Le pétrole mexicain en chiffres
- 1862 : le premier puits de pétrole est foré dans l’État de Tabasco.
- 1924 : le Mexique fournit 14% de la production mondiale de pétrole (contre 3% aujourd’hui, ce qui le situe au 10e rang mondial).
- 2003 : le volume annuel de production est de 3,7 millions de barils par jour, un chiffre record.
- 2014 : le Mexique produit 2,3 millions de barils par jour, une production inférieure d’un million de barils par rapport à l’année précédente. Les réserves estimées de pétrole sont de 43,8 milliards de barils, dont un tiers sont prouvées, ce qui représente dix ans de réserves.
- 43% de la production actuelle de pétrole est destinée à l’exportation, principalement au marché américain.
- Pemex emploie plus de 153 000 personnes.
« Touche pas à mon pétrole. » Telle pourrait être la consigne qui, au fil des soixante‐quinze dernières années, s’est imprimée dans la tête de tous les Mexicains.

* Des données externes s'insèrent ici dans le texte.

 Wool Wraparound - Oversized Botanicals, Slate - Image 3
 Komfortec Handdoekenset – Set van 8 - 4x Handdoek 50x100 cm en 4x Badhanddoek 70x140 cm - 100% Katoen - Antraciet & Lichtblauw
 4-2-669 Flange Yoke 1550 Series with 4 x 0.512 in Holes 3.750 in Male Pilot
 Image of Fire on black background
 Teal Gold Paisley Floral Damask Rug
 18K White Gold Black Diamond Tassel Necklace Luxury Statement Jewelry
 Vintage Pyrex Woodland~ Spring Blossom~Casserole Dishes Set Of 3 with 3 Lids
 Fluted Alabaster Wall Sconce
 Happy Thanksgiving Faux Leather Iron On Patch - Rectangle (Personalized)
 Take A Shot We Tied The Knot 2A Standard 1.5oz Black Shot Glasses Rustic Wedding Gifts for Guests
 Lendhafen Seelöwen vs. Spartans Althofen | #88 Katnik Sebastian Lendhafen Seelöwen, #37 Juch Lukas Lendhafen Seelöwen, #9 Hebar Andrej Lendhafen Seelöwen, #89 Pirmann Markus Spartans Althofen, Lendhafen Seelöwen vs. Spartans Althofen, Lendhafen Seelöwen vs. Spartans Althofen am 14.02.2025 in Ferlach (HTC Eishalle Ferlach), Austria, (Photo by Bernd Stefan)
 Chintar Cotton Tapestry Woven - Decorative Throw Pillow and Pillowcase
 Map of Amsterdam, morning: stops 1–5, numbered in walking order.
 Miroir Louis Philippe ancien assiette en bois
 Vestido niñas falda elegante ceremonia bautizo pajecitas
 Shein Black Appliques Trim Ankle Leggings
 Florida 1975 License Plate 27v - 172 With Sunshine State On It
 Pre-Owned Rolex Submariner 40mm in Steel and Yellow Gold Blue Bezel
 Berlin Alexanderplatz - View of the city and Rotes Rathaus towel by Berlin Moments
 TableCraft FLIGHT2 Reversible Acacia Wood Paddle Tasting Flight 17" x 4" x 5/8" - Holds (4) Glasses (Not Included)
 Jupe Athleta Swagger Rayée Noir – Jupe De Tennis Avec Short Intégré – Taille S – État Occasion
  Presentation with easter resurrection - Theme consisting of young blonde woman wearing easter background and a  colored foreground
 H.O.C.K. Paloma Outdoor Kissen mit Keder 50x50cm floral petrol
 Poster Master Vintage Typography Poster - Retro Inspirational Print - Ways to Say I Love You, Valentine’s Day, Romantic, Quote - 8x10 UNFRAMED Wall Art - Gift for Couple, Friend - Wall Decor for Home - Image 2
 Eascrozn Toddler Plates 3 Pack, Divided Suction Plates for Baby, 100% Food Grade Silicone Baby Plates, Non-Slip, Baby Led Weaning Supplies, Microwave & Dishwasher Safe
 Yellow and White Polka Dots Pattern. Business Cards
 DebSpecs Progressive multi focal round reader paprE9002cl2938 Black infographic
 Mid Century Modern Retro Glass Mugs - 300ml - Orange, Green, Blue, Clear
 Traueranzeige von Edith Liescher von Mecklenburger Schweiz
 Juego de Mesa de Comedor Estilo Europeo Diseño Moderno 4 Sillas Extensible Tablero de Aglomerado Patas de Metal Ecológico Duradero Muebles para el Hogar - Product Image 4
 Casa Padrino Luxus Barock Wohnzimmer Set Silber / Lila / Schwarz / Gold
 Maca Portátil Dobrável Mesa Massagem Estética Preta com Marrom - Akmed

Cela, depuis ce fameux décret du 18 mars 1938 signé par le président Lázaro Cárdenas. Lors d’un discours radiodiffusé, il annonçait à ses concitoyens sa décision de nationaliser le pétrole et d’exproprier les compagnies étrangères qui l’exploitaient. Il demandait alors au peuple mexicain son « appui moral et matériel, nécessaire pour affronter les conséquences d’une telle détermination ». Car cette décision allait retentir comme un coup de canon en terres aztèques où, depuis le début du XXe siècle, les puits pétroliers étaient exploités par plusieurs sociétés, pour la plupart des filiales de la néerlandaise Shell et de l’américaine Standard Oil Company of New Jersey.
Malgré le tollé que cette décision provoqua au niveau international, le Mexique parvint néanmoins à éviter une intervention des États‐Unis. Mais surtout, cette nationalisation du pétrole frappa durablement les esprits. Au point de s’inscrire dans la mémoire historique et collective des habitants de ce pays qui en feront un thème tabou. Ils résisteront durant trois quarts de siècle à une quelconque modification de l’article 27 de la Constitution, qui avait octroyé à l’État le contrôle du sous‐sol. Et donc la propriété du pétrole et du gaz. Toute tentative d’ouvrir l’exploitation des hydrocarbures au secteur privé s’est toujours confrontée à l’opposition des Mexicains qui n’ont pas hésité à descendre dans la rue pour défendre leur pré carré. Durant soixante-quinze ans, le Mexique a réussi à conserver son monopole ainsi que celui du gaz naturel. Au quotidien, les automobilistes n’ont pas d’autre choix que de s’arrêter dans une station d’essence Pemex (Petróleos Mexicanos), la compagnie étatique des pétroles mexicains créée au lendemain de la nationalisation. Au fil des décennies, ce monopole a permis à l’État de percevoir des revenus juteux, qui ont représenté jusqu’à 60% de ses rentrées fiscales ! Aujourd’hui encore, le Mexique reste très dépendant du pétrole, puisque la poule aux œufs d’or constitue un tiers des revenus du gouvernement.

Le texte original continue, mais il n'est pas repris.